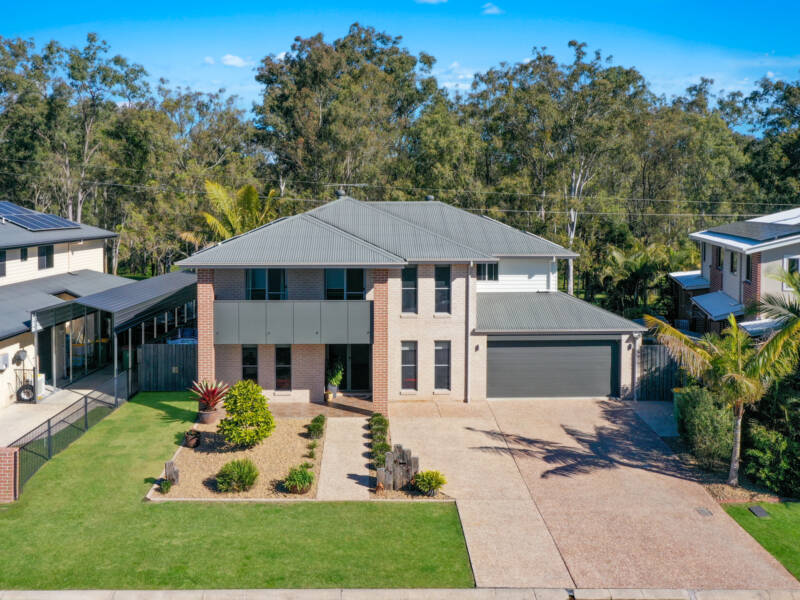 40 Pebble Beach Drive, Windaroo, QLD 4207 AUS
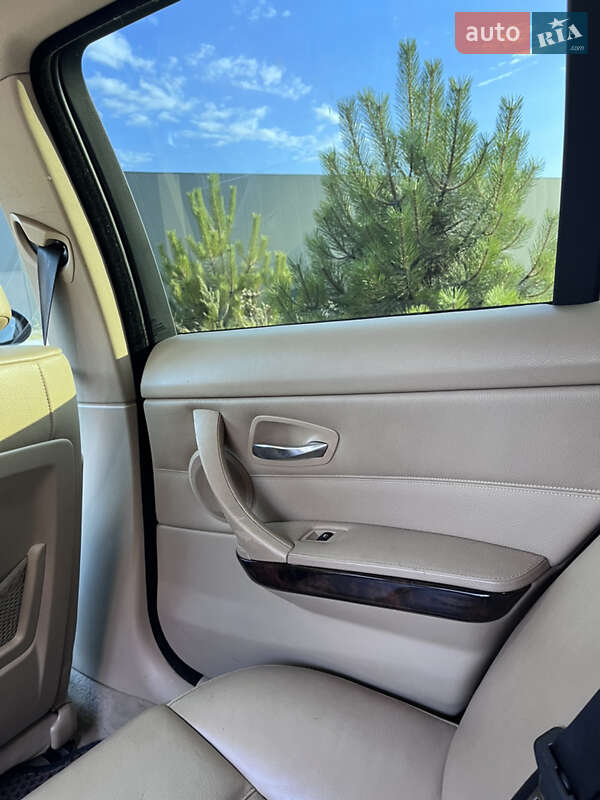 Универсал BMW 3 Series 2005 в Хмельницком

• • • • •

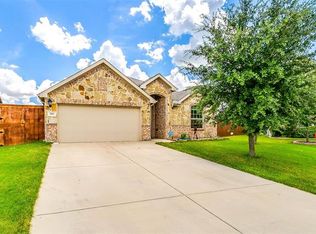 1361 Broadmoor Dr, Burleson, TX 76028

• • • • •

*Your objective:* Everything between and including the line above containing "40 Pebble Beach" and the line containing "Универсал BMW 3 Series 2005 в Хмельницком" should be reproduced exactly, with pictures excluded.

*Answer for the task:*
 40 Pebble Beach Drive, Windaroo, QLD 4207 AUS
 Универсал BMW 3 Series 2005 в Хмельницком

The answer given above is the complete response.